(DATA FOR THIS TASK)

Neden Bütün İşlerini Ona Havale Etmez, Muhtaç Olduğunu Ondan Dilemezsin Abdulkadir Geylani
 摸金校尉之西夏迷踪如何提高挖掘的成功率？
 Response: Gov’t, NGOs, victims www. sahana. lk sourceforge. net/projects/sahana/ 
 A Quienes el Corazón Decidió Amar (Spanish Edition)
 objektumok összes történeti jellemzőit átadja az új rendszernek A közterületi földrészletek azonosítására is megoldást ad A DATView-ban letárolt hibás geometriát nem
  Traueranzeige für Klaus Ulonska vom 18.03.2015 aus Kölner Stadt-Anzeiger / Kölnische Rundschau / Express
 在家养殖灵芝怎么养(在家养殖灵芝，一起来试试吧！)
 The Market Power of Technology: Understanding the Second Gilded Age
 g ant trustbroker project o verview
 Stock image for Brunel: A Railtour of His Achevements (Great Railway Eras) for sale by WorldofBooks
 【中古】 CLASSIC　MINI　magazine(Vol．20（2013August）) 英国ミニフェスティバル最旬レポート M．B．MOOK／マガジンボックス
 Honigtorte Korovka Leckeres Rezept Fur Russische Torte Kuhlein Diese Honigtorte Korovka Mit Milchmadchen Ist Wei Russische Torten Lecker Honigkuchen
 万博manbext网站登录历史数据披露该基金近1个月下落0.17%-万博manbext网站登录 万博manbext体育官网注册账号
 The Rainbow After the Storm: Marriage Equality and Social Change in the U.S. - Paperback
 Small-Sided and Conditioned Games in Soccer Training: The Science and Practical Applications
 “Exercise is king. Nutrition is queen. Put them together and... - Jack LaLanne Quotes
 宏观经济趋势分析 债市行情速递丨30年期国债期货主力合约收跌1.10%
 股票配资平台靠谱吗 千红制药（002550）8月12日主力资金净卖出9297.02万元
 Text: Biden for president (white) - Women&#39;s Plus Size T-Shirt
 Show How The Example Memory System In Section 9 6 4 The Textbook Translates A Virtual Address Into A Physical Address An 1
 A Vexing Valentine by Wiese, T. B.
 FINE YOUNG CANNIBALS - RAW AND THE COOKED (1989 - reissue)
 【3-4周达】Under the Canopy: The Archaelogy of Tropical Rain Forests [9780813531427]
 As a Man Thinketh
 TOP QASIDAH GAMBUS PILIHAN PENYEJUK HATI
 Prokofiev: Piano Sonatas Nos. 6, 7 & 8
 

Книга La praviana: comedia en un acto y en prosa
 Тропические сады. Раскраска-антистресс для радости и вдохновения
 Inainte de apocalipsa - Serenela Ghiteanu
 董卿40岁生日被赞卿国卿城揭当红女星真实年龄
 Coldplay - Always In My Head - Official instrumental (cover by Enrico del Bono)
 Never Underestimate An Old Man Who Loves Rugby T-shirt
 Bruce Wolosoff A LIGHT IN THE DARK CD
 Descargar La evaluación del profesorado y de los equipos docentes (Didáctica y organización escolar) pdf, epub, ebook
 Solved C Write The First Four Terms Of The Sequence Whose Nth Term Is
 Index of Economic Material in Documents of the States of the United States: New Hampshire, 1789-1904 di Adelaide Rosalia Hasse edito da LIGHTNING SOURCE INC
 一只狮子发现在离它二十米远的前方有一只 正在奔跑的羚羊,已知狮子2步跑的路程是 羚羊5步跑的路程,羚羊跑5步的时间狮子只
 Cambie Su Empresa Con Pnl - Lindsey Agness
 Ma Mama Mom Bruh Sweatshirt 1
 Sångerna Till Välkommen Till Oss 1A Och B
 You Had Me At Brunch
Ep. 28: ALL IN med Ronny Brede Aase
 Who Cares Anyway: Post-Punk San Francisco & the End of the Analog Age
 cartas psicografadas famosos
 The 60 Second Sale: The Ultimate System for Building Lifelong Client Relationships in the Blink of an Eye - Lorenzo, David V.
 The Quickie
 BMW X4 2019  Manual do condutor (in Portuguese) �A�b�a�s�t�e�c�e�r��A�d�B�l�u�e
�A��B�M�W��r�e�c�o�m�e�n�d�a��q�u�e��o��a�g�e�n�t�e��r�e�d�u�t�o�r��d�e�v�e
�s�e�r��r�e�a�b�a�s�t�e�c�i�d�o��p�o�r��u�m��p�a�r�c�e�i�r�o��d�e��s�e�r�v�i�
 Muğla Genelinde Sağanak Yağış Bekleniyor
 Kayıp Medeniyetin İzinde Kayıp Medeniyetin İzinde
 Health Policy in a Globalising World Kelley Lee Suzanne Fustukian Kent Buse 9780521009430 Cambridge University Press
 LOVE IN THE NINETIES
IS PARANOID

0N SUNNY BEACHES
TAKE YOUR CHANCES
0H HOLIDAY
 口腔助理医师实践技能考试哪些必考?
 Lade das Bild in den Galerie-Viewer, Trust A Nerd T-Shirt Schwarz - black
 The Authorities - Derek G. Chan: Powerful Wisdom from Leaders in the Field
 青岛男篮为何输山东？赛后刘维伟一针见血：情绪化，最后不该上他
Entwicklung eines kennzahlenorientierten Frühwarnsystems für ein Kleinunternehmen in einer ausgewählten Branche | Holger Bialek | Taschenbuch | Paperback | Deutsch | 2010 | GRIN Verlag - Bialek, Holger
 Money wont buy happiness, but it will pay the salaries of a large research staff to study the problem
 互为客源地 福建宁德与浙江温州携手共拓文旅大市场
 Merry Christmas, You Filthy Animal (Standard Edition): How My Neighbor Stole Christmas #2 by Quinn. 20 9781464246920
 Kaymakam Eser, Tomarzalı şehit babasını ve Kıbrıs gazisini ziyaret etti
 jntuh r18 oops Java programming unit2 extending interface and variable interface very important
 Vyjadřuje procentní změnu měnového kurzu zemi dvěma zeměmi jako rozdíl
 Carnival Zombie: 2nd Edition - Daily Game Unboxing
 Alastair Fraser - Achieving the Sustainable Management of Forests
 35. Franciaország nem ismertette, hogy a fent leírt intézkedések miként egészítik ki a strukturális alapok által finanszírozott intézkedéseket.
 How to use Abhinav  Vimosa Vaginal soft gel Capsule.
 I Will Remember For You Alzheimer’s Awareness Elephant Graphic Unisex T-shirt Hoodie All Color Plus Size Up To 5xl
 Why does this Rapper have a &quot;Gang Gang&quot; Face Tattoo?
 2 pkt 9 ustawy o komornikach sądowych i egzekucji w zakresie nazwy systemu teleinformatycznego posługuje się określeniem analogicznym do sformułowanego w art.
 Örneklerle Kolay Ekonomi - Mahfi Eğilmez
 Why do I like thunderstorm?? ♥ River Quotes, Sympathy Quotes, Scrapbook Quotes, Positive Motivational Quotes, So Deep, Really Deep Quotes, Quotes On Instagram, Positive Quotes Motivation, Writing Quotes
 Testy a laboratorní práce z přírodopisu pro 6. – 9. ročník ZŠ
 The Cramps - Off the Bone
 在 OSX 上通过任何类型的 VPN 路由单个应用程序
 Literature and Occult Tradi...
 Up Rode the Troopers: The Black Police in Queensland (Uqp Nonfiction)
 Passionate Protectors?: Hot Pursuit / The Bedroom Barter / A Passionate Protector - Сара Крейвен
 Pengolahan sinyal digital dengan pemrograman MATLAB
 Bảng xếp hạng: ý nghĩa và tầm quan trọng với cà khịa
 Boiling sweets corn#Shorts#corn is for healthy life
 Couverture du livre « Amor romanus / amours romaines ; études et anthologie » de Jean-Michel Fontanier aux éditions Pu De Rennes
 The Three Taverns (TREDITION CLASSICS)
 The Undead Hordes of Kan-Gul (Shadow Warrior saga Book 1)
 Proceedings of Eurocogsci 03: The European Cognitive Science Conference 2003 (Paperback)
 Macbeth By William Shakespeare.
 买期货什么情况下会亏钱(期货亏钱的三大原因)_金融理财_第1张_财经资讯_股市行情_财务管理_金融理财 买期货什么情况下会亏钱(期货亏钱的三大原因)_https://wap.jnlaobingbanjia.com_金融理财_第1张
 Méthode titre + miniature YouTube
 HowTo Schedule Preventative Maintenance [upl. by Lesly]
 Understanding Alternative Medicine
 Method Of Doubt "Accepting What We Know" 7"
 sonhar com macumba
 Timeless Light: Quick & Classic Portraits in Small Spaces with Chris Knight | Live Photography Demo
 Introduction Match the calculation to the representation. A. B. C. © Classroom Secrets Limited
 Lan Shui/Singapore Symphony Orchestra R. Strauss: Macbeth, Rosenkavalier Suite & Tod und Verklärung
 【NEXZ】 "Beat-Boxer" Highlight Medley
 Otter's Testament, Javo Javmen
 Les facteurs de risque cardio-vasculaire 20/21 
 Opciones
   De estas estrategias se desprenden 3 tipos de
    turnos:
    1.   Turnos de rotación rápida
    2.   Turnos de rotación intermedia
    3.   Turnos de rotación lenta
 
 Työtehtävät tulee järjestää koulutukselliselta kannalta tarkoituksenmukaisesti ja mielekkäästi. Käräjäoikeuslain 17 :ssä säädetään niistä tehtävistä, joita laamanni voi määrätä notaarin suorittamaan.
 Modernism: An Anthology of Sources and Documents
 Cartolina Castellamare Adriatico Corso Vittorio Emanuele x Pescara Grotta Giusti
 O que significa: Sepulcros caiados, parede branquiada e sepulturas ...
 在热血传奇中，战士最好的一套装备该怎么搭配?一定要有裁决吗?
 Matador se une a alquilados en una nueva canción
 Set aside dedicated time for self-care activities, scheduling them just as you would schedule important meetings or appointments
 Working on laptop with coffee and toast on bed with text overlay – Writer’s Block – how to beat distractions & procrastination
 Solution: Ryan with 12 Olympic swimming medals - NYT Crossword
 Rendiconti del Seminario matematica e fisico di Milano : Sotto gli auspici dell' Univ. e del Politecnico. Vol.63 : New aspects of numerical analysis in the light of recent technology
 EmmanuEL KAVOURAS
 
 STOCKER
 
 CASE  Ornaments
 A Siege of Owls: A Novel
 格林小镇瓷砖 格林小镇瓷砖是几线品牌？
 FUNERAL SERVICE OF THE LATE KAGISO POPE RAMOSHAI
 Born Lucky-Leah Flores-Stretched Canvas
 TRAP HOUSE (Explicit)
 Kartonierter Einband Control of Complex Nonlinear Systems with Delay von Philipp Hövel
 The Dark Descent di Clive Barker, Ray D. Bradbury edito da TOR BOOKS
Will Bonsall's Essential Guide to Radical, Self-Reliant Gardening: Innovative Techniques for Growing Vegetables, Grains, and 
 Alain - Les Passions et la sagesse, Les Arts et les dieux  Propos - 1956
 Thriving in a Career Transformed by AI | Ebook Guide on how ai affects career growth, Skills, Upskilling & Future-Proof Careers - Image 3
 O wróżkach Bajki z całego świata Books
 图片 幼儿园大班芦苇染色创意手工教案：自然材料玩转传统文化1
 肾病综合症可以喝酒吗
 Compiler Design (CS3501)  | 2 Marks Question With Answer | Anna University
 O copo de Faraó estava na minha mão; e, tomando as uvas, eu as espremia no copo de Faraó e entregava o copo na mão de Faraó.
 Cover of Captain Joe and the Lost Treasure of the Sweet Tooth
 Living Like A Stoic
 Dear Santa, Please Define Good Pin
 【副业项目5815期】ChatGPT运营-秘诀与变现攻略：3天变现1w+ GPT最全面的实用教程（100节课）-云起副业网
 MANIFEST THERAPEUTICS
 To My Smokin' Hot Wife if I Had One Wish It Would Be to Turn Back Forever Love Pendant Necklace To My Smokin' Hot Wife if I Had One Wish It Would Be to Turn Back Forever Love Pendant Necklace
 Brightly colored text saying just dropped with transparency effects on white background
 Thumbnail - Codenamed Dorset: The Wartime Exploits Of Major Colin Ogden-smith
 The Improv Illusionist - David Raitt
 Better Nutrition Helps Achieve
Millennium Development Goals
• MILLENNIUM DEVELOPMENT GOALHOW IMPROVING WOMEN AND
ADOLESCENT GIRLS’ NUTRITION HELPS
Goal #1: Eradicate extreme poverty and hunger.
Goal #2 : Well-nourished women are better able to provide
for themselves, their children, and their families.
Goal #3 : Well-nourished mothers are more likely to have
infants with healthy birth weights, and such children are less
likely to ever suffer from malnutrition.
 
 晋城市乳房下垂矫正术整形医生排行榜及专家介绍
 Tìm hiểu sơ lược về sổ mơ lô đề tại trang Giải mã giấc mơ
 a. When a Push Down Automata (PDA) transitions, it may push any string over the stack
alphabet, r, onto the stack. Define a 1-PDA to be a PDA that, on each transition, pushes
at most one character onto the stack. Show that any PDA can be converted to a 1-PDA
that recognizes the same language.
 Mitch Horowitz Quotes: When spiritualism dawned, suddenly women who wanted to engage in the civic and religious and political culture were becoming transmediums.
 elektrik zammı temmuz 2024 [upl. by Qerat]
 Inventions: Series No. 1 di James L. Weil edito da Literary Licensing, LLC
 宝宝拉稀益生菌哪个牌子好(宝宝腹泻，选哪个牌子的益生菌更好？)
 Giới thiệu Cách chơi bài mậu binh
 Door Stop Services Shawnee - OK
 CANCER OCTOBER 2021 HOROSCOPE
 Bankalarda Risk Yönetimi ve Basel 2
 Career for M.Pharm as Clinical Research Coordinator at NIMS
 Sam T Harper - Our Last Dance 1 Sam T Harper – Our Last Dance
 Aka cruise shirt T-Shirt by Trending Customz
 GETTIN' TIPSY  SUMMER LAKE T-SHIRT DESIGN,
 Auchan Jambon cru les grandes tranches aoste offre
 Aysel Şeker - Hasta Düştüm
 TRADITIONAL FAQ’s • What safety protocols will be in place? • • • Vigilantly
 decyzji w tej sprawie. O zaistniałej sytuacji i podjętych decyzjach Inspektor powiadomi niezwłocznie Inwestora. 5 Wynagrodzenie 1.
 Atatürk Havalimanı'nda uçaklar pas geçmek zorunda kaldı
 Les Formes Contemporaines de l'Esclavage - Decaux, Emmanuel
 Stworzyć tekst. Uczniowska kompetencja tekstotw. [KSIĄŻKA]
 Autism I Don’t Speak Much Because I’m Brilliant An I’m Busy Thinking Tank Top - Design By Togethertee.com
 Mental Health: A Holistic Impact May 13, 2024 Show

(End DATA FOR THIS TASK)

## THE PROBLEM
Where a line in the material contains "Documents", copy that line.

## RESULT
 Index of Economic Material in Documents of the States of the United States: New Hampshire, 1789-1904 di Adelaide Rosalia Hasse edito da LIGHTNING SOURCE INC
 Modernism: An Anthology of Sources and Documents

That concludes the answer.